Joint par Le Parisien, ce père de famille de cinq enfants a accepté de nous raconter cette séquence. Et le fil de cette journée qu’il affirme avoir terminée au commissariat de police, « bloqué plus de quatre heures », pour un contrôle d’identité sans rapport avec son échange élyséen.

« Macron souriait alors que je venais de me faire gazer »

Au téléphone, ce cariste de profession peine à contenir sa colère. Il y a aussi des regrets dans sa voix. Comme l’impression d’avoir été piégé. Venu manifester aux côtés des soignants, il prend le métro ce mardi après-midi et débarque « par hasard » aux Tuileries avec quatre amis. Le cortège venait alors d’être dispersé place de la Bastille, sans nasse policière mais sous quelques jets de gaz lacrymogènes.

VIDEO. « J’y crois pas ! » : quand un groupe de Gilets jaunes croise Macron par hasard

Par « peur de dire une bêtise », Richard refuse d’abord de s’approcher du couple présidentiel, déjà cerné par les smartphones des badauds. Finalement, tout bascule après que lui et d’autres entonnent leur slogan habituel : « Macron démission !» « Un bon 14 Juillet. Vous pouvez vous égosiller. Il y a une démocratie », ironise Macron. Tout sourire, le chef de l’Etat prend tout le monde de court, ses gardes du corps les premiers.

Ces trois phrases du président sonnent le début du brouhaha. « Tu vas virer, tu vas virer ! », tance le manifestant, hors de lui. « A ce moment-là, j’étais fou de rage. C’est de la provoc’ et une forme de mépris. Déjà que je suis sanguin, mais alors c’est encore pire face à quelqu’un que je n’aime pas », confie Richard Z., avouant regretter les noms d’oiseau prononcés.
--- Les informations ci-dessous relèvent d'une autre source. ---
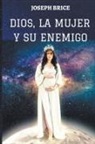 Joseph Brice - DIOS, LA MUJER Y SU ENEMIGO
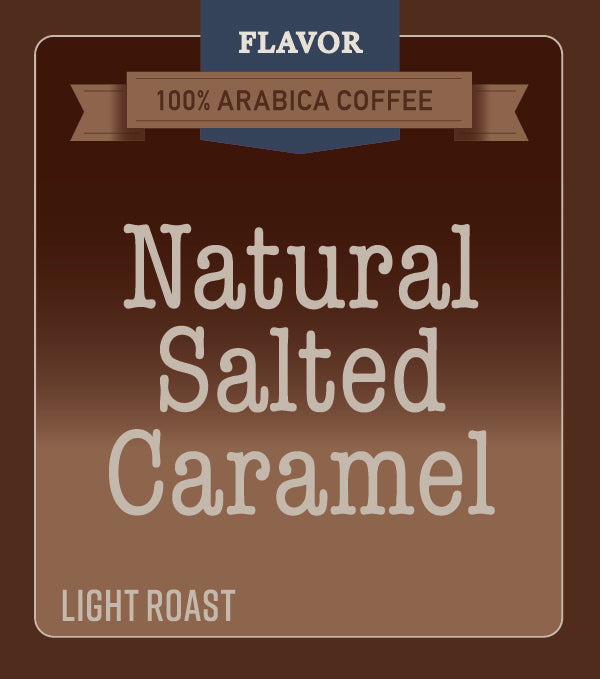 Salted Caramel - All Natural Flavoring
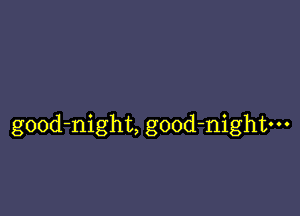 gOOd-night, good-nightm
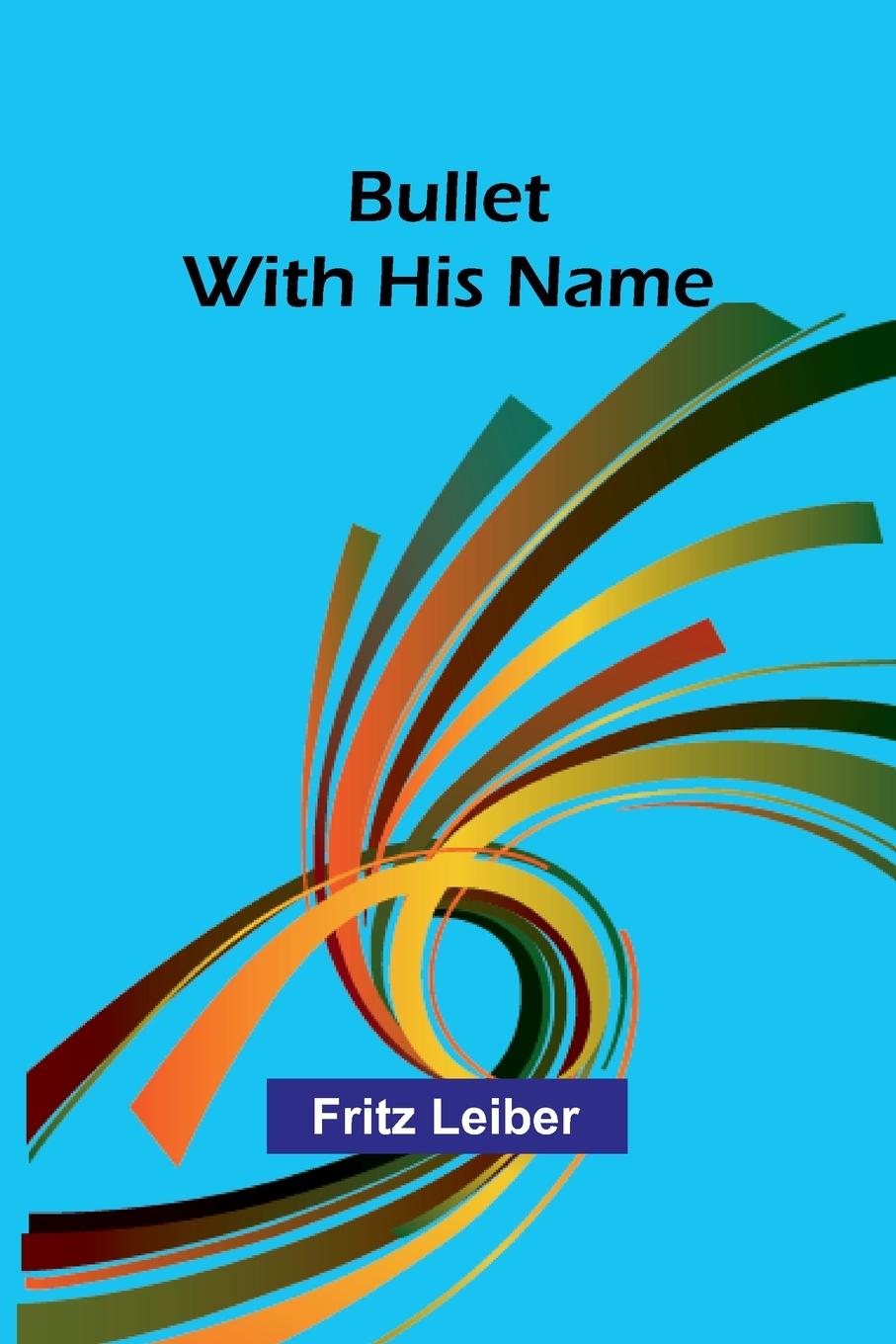 Kniha Bullet With His Name Fritz Leiber
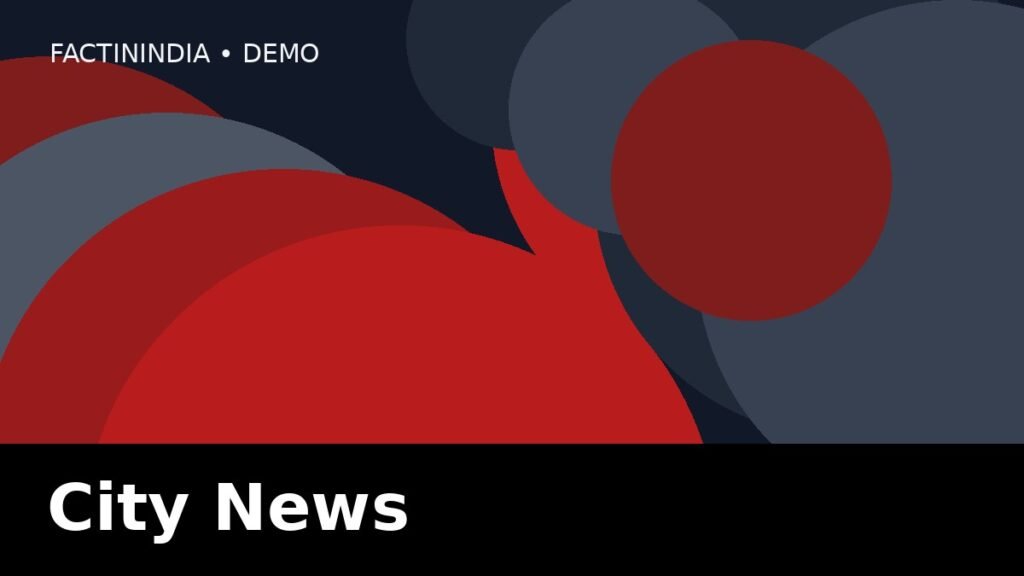 City News demo image for FactInIndia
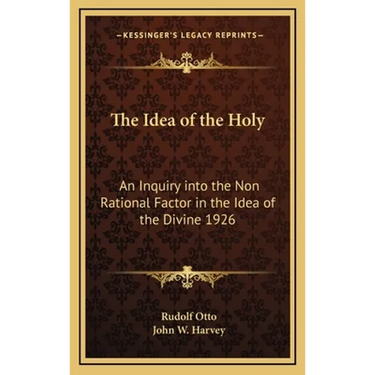 The Idea of the Holy: An Inquiry into the Non Rational Factor in the Idea of the Divine 1926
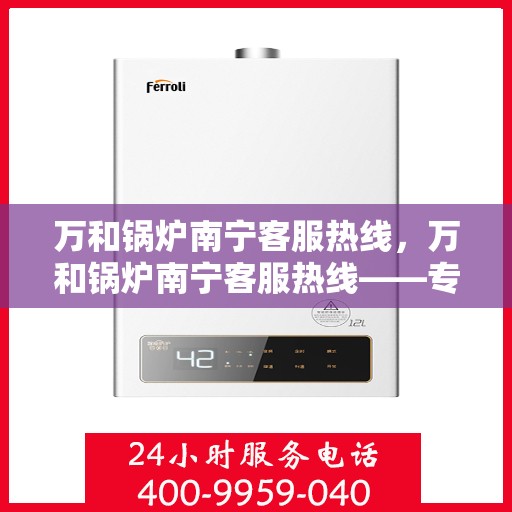 万和锅炉南宁客服热线，万和锅炉南宁客服热线——专业售后，温暖您的生活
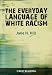 The Everyday Language of White Racism (Blackwell Studies in Discourse and Culture)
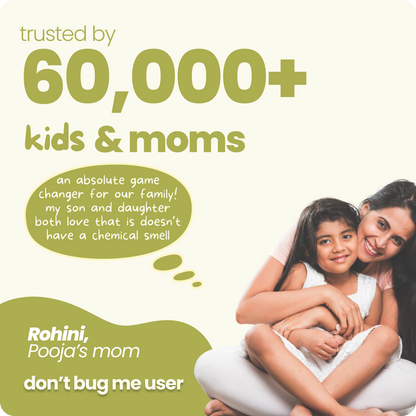 Protect your child from mosquitoes with Tuco Kids Don’t Bug Me Mosquito Repellent Spray! Made with natural essential oils like Citronella, Eucalyptus, Peppermint, and Lemongrass, it offers powerful, long-lasting protection. Safe, gentle, and free from SLS, Parabens, and Phthalates, this spray is perfect for active kids. Simply spray on clothes or skin and enjoy worry-free outdoor adventures!

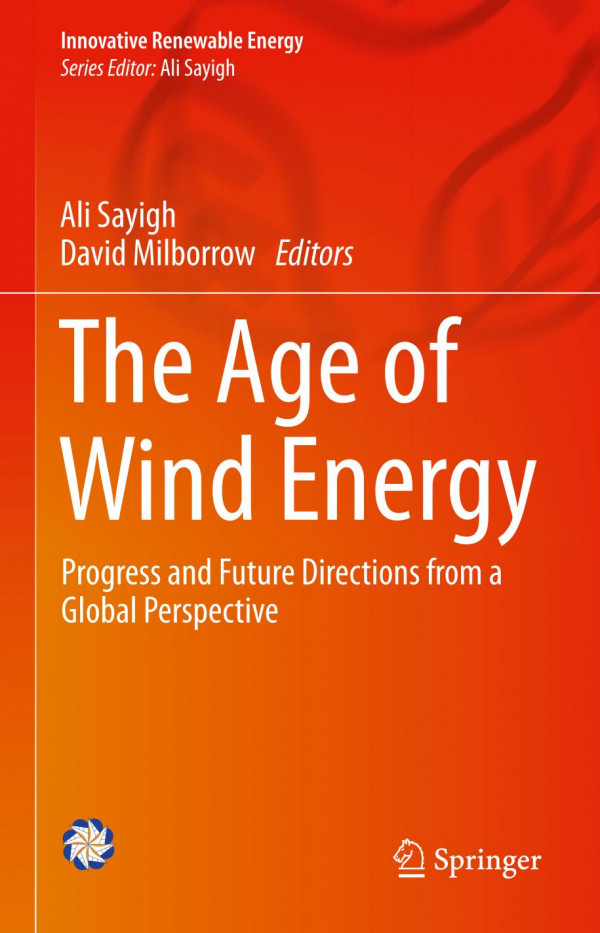 The Age Of Wind Energy Progress And Future Directions From A Global Perspective 1st Ed 2020 Ali Sayigh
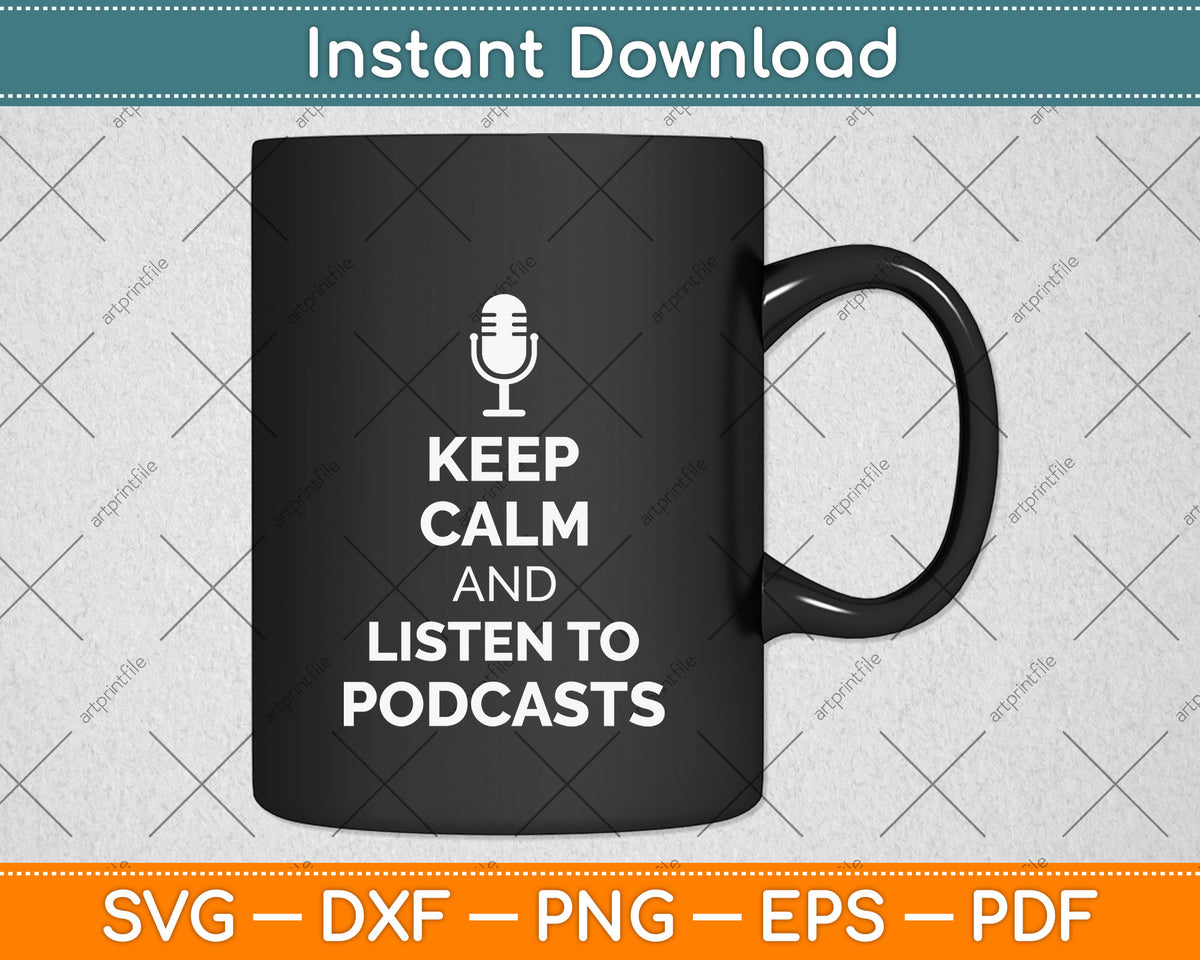Keep Calm And Listen To Podcasts Podcasters Svg Png Dxf Digital Cutting File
« Macron souriait alors que je venais de me faire gazer 50 minutes avant, poursuit-il. Comment voulez-vous qu’on réagisse ? On ne peut pas réagir normalement. Dans des conditions pareilles, c’était compliqué. Je n’ai pas de regrets sur le fond, mais j’aurai aimé expliquer nos revendications plus clairement, c’est sûr. »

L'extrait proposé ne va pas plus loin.